▸ EXERCISE INSTRUCTIONS
The records below are to be restated word for word; their pictures are not.

▸ DATA PROVIDED
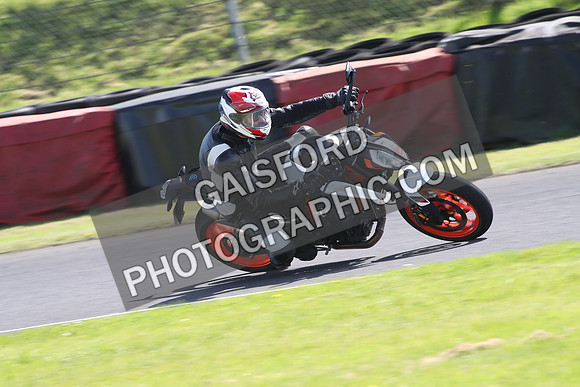 BIKES 1360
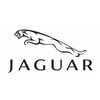 jaguar spor yay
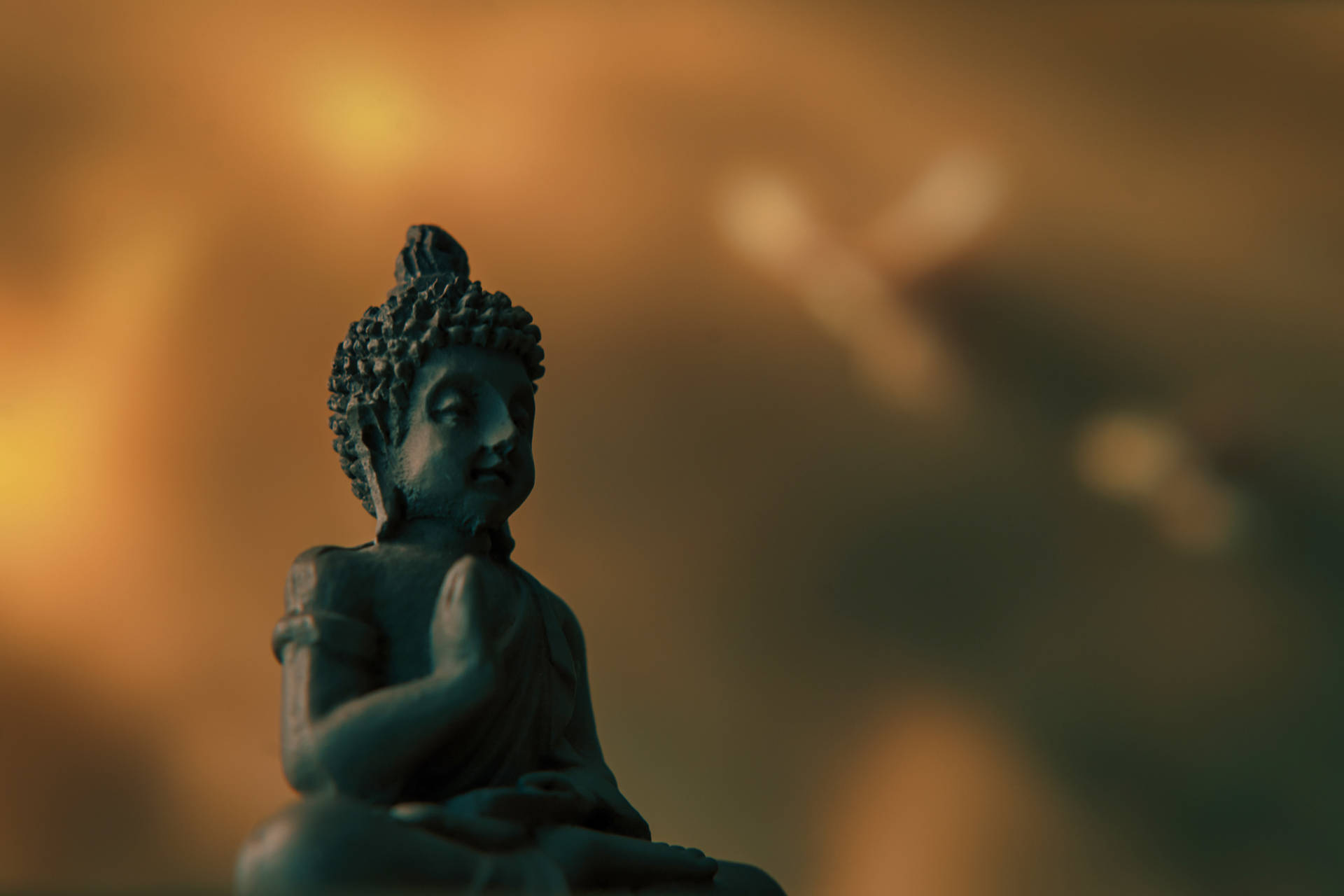 Buddha 6000X4000 Wallpaper and Background Image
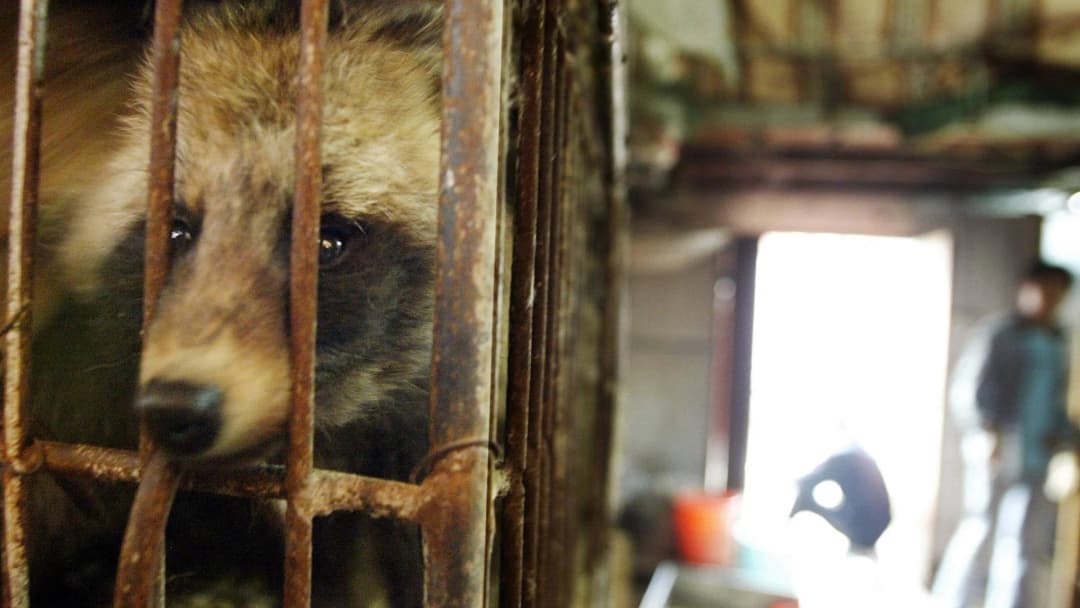 ทางการอู่ฮั่นสั่งห้ามประชาชนกินเนื้อสัตว์ป่า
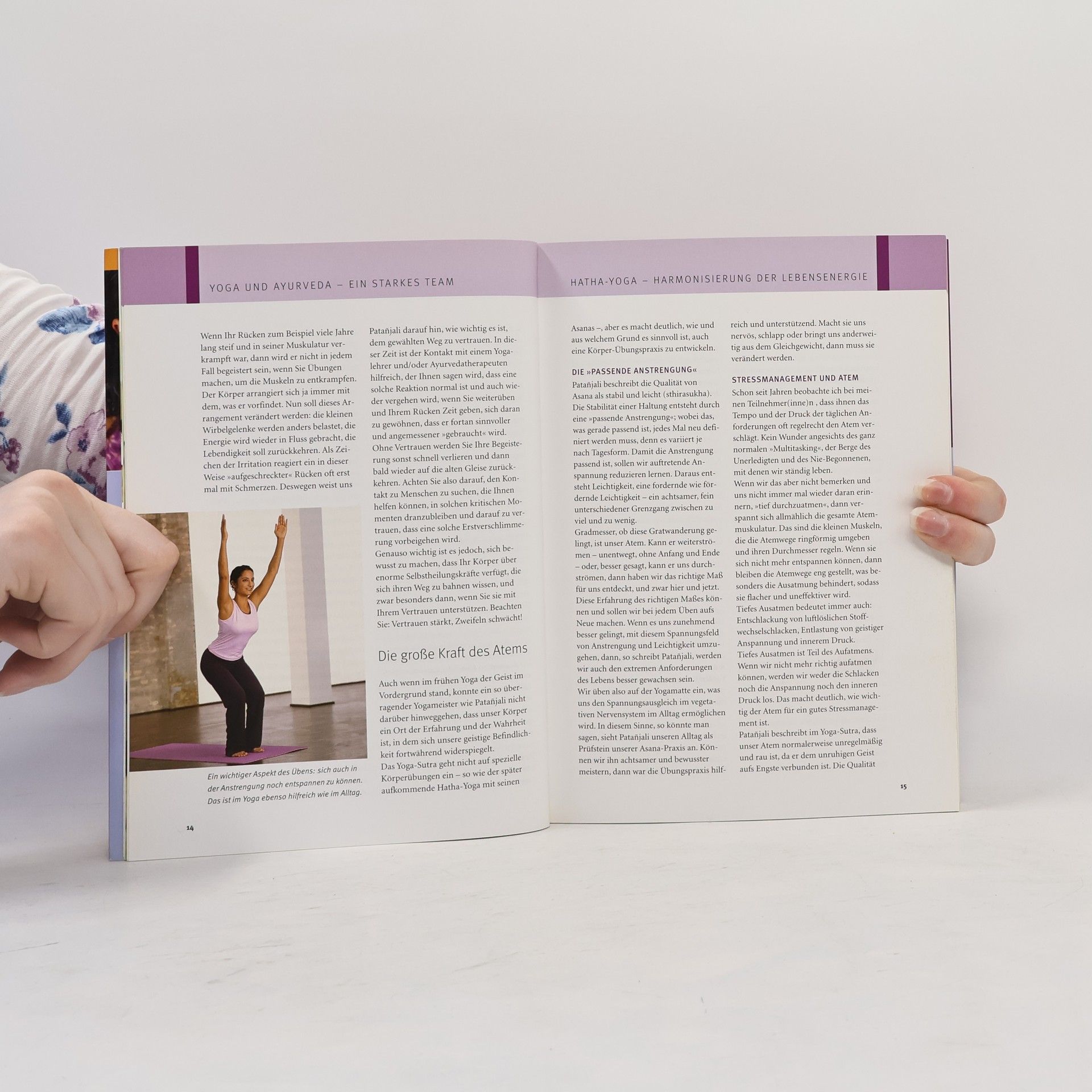 Anna Trökes Das Yoga-Gesundheitsbuch
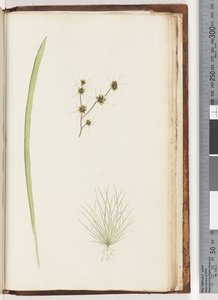 Page 234a. 1/4 Plante non identifiée - Unknown artist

▸ SOLUTION
 BIKES 1360
 jaguar spor yay
 Buddha 6000X4000 Wallpaper and Background Image
 ทางการอู่ฮั่นสั่งห้ามประชาชนกินเนื้อสัตว์ป่า
 Anna Trökes Das Yoga-Gesundheitsbuch
 Page 234a. 1/4 Plante non identifiée - Unknown artist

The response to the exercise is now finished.